[RECORDS PROVIDED — start]
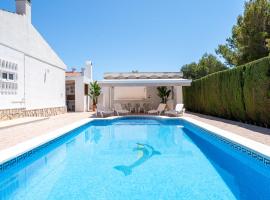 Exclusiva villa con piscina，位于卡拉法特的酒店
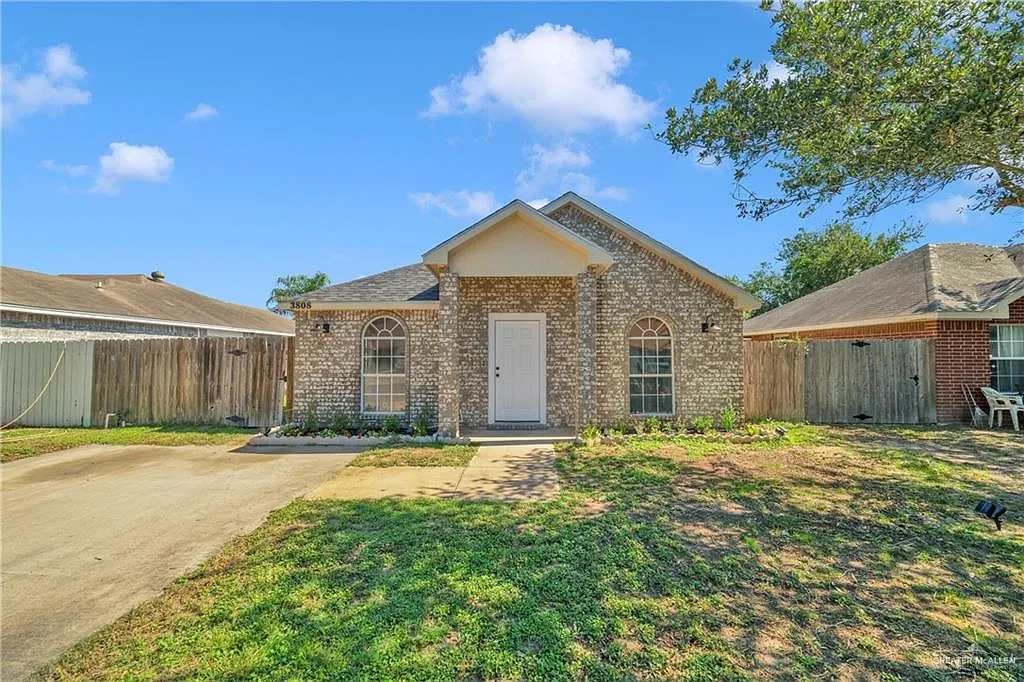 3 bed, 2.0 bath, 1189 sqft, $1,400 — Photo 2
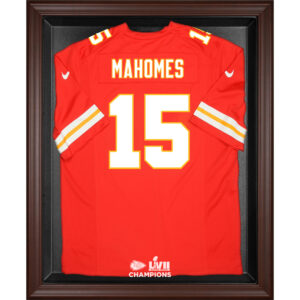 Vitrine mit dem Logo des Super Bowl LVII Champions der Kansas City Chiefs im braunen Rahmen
[RECORDS PROVIDED — finish]
[RECORDS PROVIDED — start]
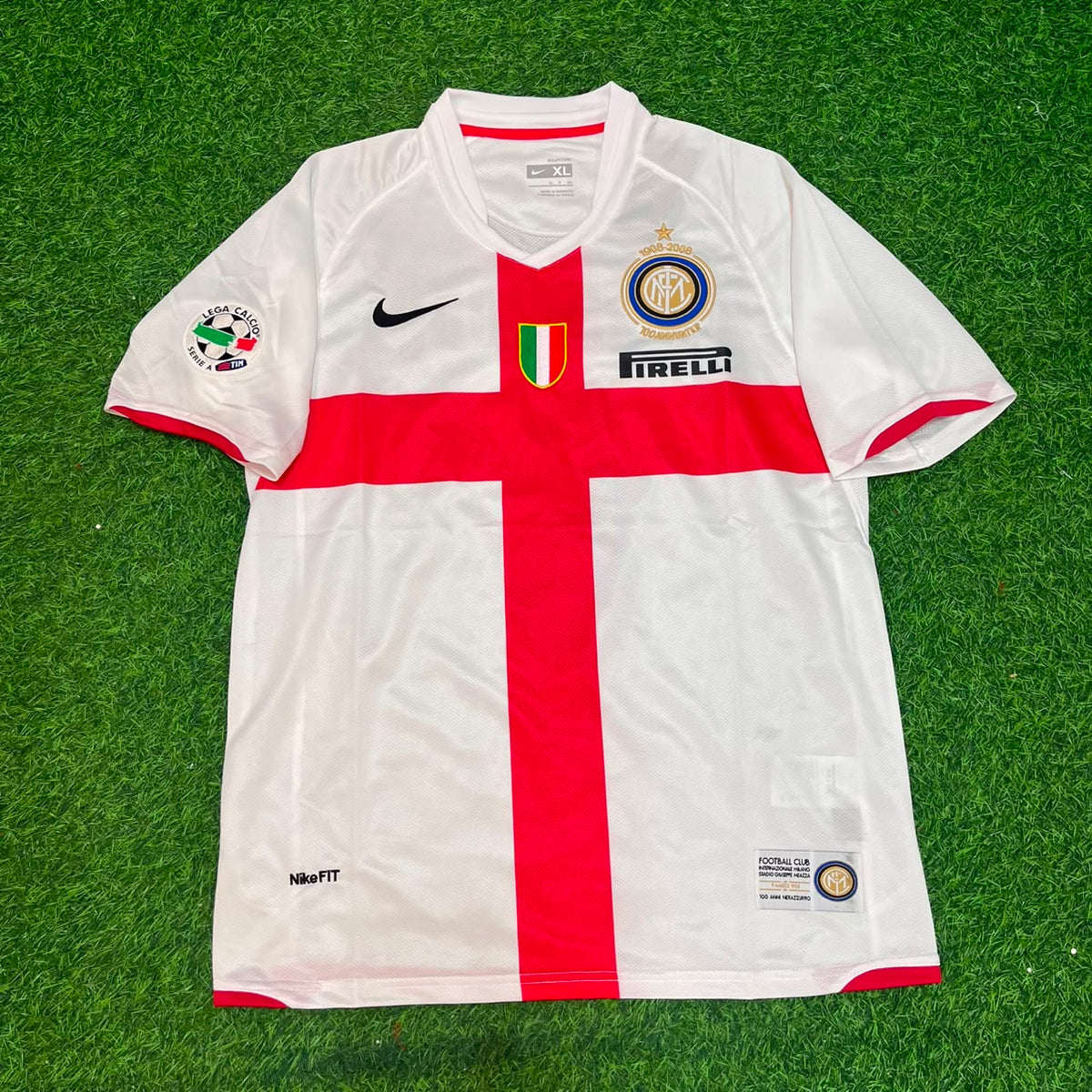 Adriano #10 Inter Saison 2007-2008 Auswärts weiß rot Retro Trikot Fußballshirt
[RECORDS PROVIDED — finish]
[RECORDS PROVIDED — start]
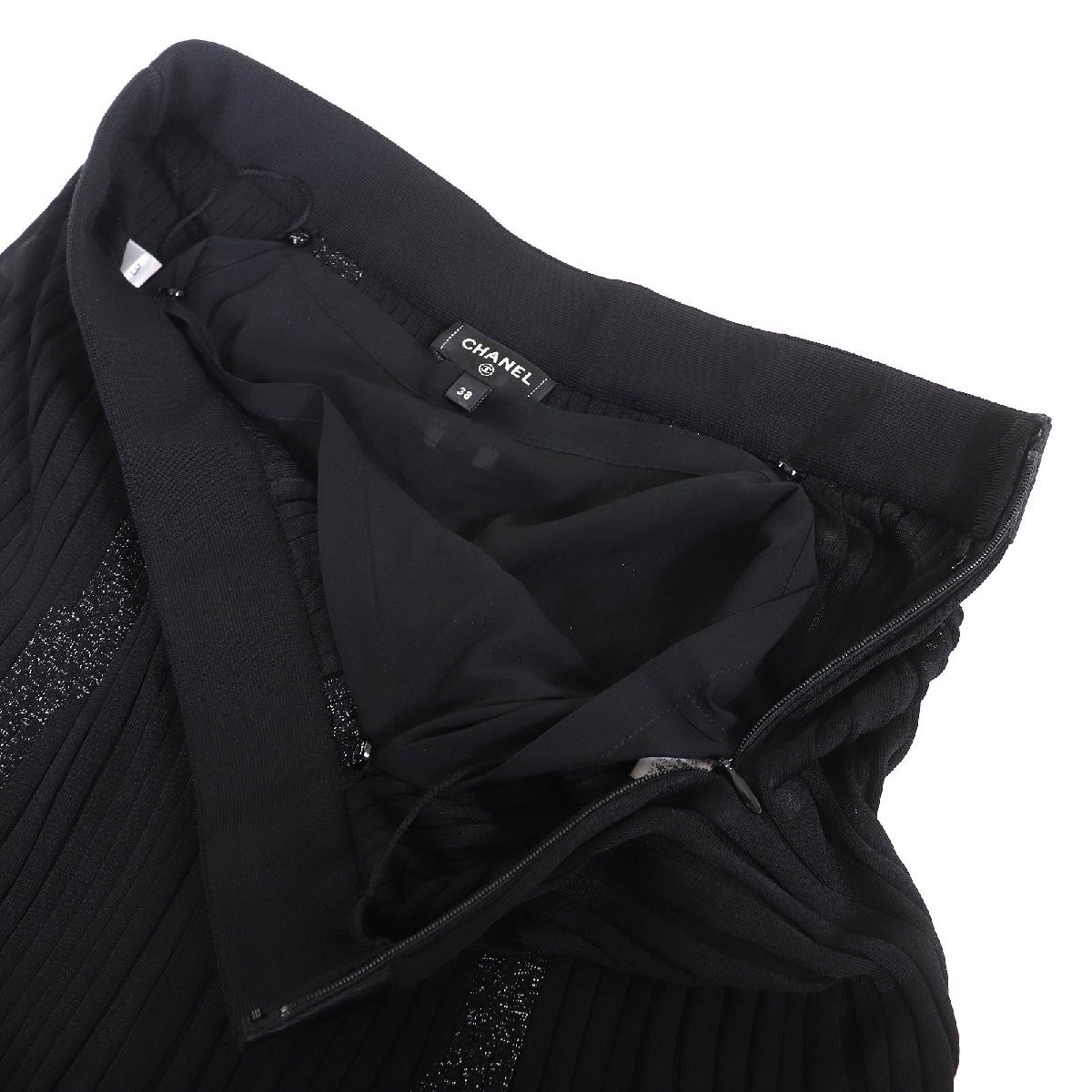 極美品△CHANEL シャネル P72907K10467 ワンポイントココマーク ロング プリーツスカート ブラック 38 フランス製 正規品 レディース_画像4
[RECORDS PROVIDED — finish]
WHAT IS NEEDED:
Leave out every picture, and copy exactly the lines above starting at the one holding "Exclusiva villa con piscina，位于卡拉法特的酒店" and ending at the one holding "Vitrine mit dem", no more and no less.

TASK OUTPUT:
 Exclusiva villa con piscina，位于卡拉法特的酒店
 3 bed, 2.0 bath, 1189 sqft, $1,400 — Photo 2
 Vitrine mit dem Logo des Super Bowl LVII Champions der Kansas City Chiefs im braunen Rahmen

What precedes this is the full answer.